L’UEFA a dit non pour des raisons qui dépassent le simple conservatisme institutionnel. Permettre à des investisseurs privés de détenir des parts dans les compétitions FIFA, c’est introduire une logique de rendement financier dans un écosystème dont la vocation première est sportive et non lucrative au sens actionnarial du terme. Un fonds d’investissement qui détient des parts dans la Coupe du monde n’a pas les mêmes intérêts qu’une fédération nationale. Il veut maximiser ses profits. Cette logique peut conduire à multiplier les matchs, à vendre les droits télévisés aux plus offrants sans considération pour l’accessibilité du football dans les pays moins riches, et à transformer le calendrier international en fonction des préférences des marchés financiers plutôt que des besoins des joueurs et des fans.
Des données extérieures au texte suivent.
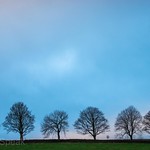 Six Trees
Ce désaccord entre la FIFA et l’UEFA n’est pas nouveau dans son fond. Depuis que les droits télévisés ont transformé le football en industrie multimiliardaire, les deux institutions se disputent le contrôle de cet argent et les règles qui gouvernent son partage. La Coupe du monde reste le produit le plus précieux de la FIFA. L’UEFA, dont la Ligue des Champions est le produit le plus précieux du football de clubs, sait que si des investisseurs privés entrent dans la gouvernance de la Coupe du monde, la même logique s’appliquera inévitablement aux compétitions de clubs. Ce n’est pas de l’idéalisme. C’est de la défense d’intérêts bien compris.
Pour les fédérations africaines dont la FIF ivoirienne, ce débat dit quelque chose d’important. Les primes que la FIFA distribue aux fédérations participantes, dont les 12 à 13 millions de dollars reçus par la Côte d’Ivoire pour sa participation au Mondial 2026, sont le principal mécanisme de redistribution des revenus du football mondial vers les pays moins riches. Un modèle de gouvernance qui introduit des investisseurs privés cherchant un retour sur investissement risque de remettre en cause cette redistribution. L’UEFA a dit non. C’est aussi, indirectement, une victoire pour le football africain.